In August 1527, the Chapter of Lichfield was granted all the possessions of Farewell Priory, including the house and church, which were assigned to the 12 choristers of Lichfield Cathedral.

By the 18th century, the Parish Church of Saint Bartholomew seems to have been the only surviving part of the priory buildings. This church was rebuilt in brick in 1745, and the only mediaeval portion now surviving is the stone chancel at the east end. There was further restoration in 1848 when the church was re-roofed.

Saint Bartholomew’s Church is now a mixture of two different building styles and materials. The church is a Grade II* listed building for its surviving mediaeval fabric and fittings.

The square, plain topped west tower now serves as a vestry, with kitchen and storage space, but the bells are no longer used. The churchyard is well maintained and is bordered by brick walls and some hedging.

Farewell itself is small, and covers only 1,049 acres. A mile further on is the small village of Chorley, so the church in Farewell is not the focal point of village life. Today Farewell and Chorley form a civil parish, but the parish council is a joint one with Curborough and Elmhurst, all within Lichfield District.

I could have spent all the morning here. But I made my way back to the Hedgehog and Lichfield along this mediaeval pilgrim route. I had a train to catch for the opening of the annual residential conference of the Anglican Mission agency, USPG, which I am taking part in this week at the Hayes Conference Centre in Swanwick, Derbyshire.

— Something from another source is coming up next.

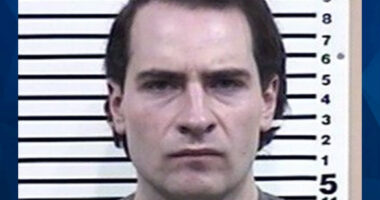 Idaho Man Dumps Scalding Water over 1-Month-Old Son to Warm Him Up During Bath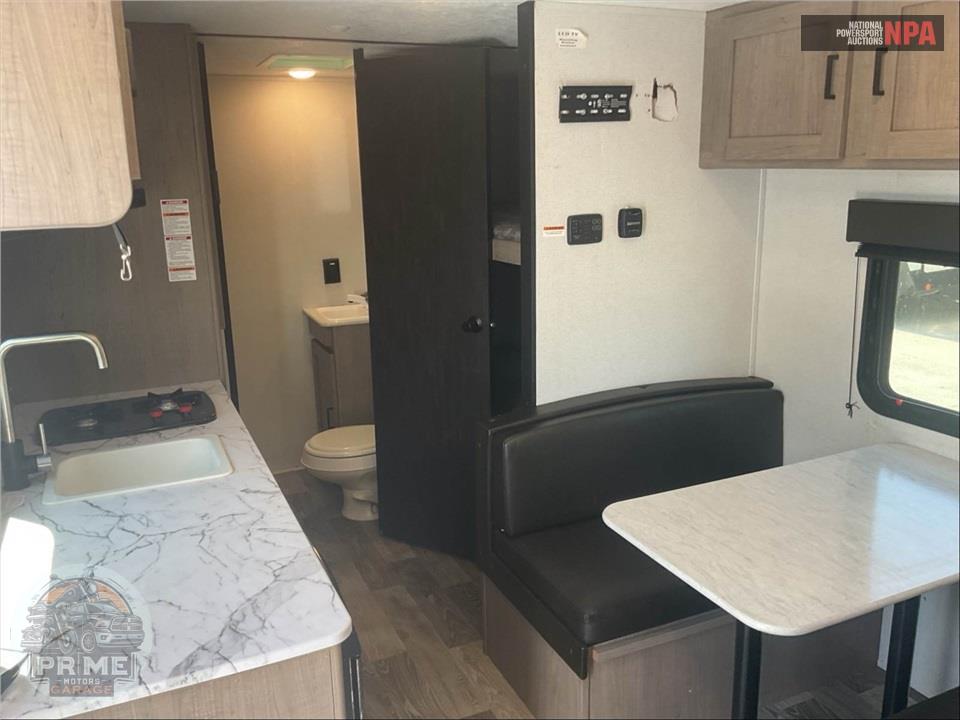 2021 Keystone Rv M-175 BH - HIDEOUT SERIES — фото 6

Saint Bartholomew’s Church and tower … now a Grade II* listed building because of its mediaeval fabric and fittings (Photograph: Patrick Comerford, 2016)

1 comment:

Bogwoppit said...

It's interesting that both the "final" churches on the pilgrimage routes to the shrine of St Chad were sites of ancient springs. From the north, you found "Our Lady's Well" - the Fair Well, corrupted into Farewell. Coming from the south and east, along Watling Street, pilgrims would have stopped at the small church, formerly a priory, at Hints.
Both churches were rededicated to St Bartholomew after the Reformation. I wonder why? Both were extensively rebuilt.